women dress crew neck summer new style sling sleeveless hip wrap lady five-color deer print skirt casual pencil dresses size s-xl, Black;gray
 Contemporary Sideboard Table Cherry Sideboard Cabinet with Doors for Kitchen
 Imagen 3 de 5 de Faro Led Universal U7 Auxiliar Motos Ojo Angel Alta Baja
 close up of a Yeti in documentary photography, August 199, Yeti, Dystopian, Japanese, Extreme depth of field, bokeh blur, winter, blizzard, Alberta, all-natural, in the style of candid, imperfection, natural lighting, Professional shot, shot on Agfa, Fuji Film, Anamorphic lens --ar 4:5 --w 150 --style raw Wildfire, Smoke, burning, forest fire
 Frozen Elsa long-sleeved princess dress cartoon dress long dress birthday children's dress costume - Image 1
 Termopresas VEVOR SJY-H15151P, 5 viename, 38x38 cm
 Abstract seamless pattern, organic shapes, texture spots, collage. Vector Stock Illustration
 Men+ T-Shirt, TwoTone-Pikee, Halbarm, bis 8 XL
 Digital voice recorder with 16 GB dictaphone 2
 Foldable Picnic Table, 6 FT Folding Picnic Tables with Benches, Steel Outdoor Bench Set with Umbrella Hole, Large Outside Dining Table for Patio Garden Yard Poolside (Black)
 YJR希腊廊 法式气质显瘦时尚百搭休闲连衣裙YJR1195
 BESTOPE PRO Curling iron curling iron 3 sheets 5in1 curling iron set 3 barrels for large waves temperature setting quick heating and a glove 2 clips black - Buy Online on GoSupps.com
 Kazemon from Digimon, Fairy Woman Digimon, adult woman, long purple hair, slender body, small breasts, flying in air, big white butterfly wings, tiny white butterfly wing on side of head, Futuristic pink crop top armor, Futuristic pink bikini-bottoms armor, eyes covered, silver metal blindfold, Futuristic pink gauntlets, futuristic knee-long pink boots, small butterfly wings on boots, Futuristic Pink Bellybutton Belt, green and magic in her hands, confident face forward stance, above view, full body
......
_What is needed_.
Tally the lines of the material that contain the word "Table" and say the number, nothing more.

_Task solution_.
2